▶ [Material for the task]:
+++++

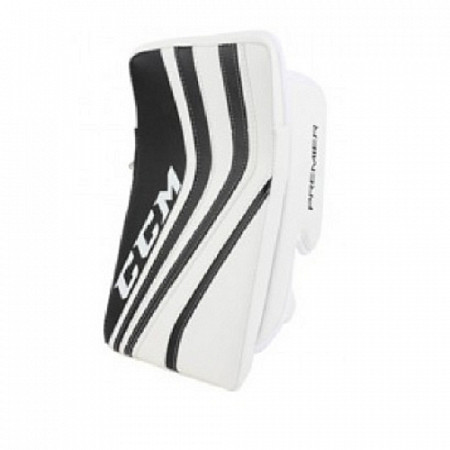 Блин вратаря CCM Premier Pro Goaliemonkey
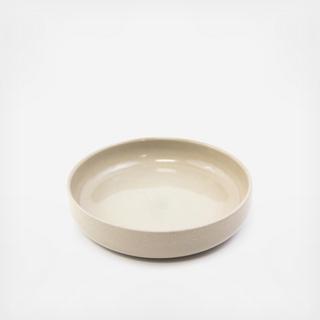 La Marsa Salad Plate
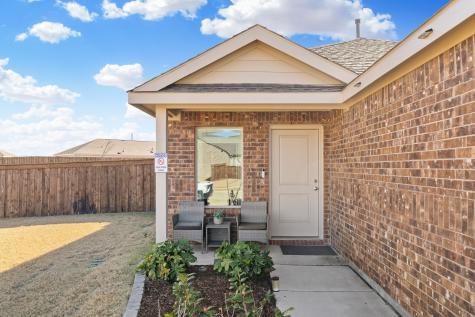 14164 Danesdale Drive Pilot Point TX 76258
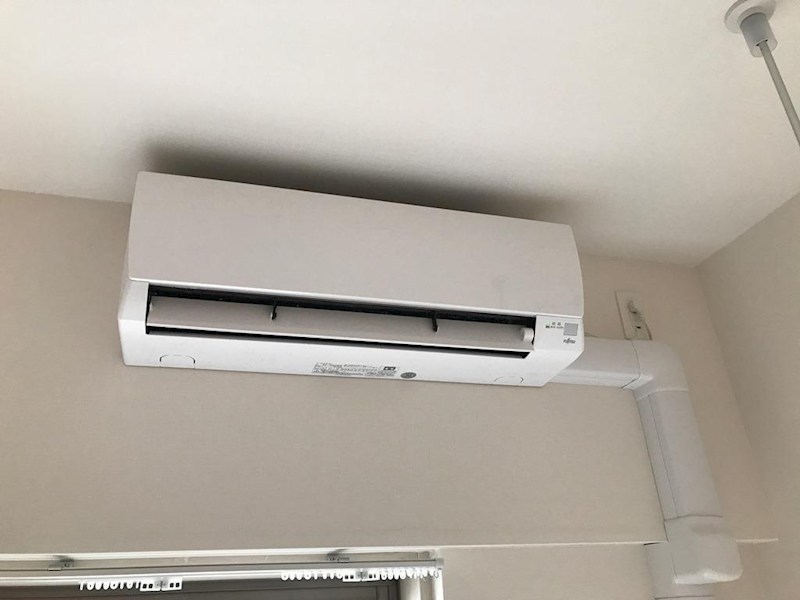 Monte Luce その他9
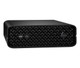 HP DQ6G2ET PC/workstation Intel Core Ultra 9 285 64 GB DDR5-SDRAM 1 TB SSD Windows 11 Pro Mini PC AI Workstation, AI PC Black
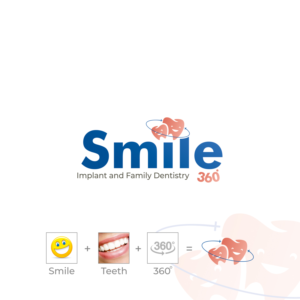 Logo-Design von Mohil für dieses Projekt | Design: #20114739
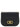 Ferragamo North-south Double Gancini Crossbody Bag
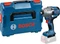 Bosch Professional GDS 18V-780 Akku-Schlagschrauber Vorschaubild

+++++

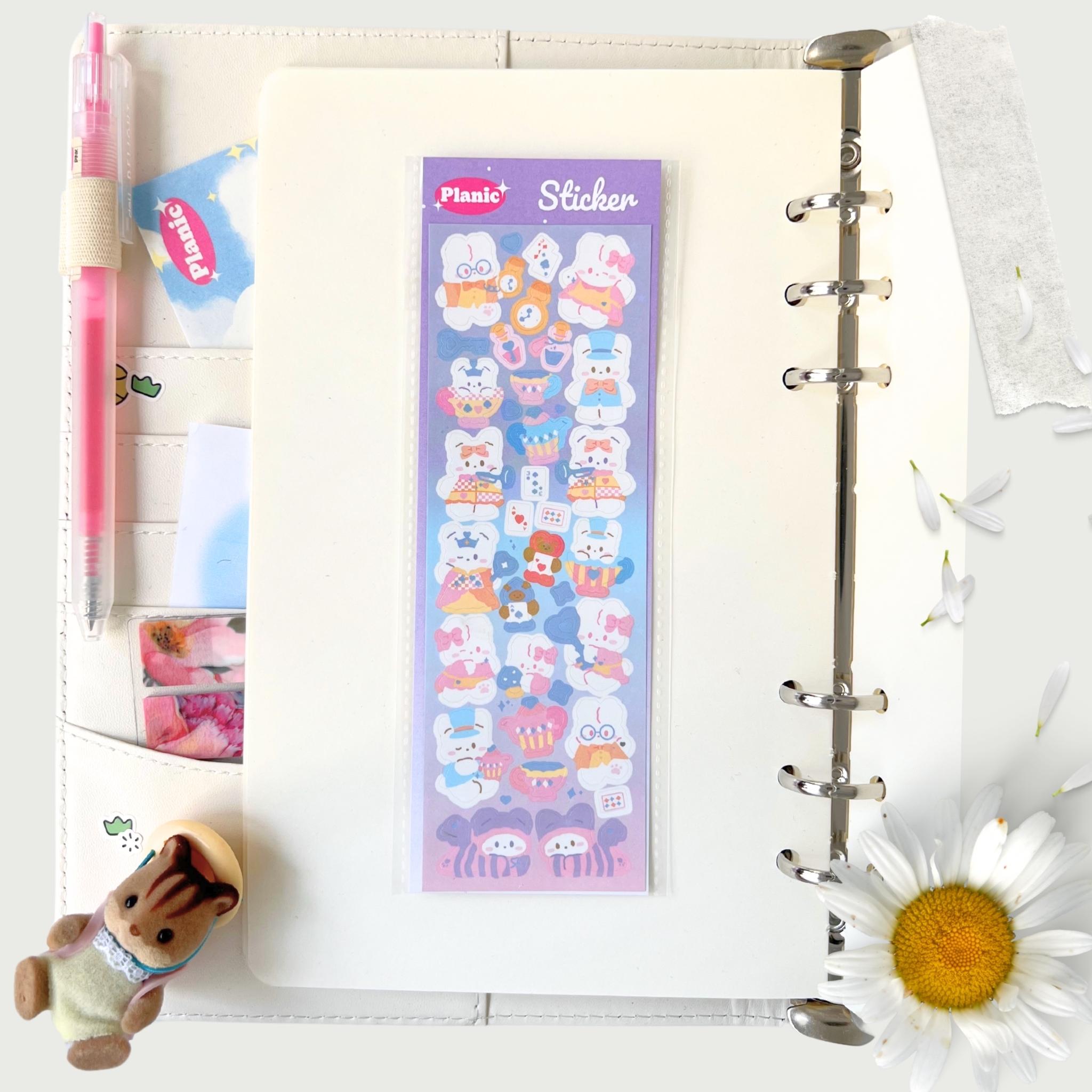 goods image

+++++

Look above for the line with "Logo-Design von Mohil", then print it and each line after it down to and including the line with "Bosch Professional GDS". Leave out the pictures and keep the wording exact.

▶ [Task result]:
 Logo-Design von Mohil für dieses Projekt | Design: #20114739
 Ferragamo North-south Double Gancini Crossbody Bag
 Bosch Professional GDS 18V-780 Akku-Schlagschrauber Vorschaubild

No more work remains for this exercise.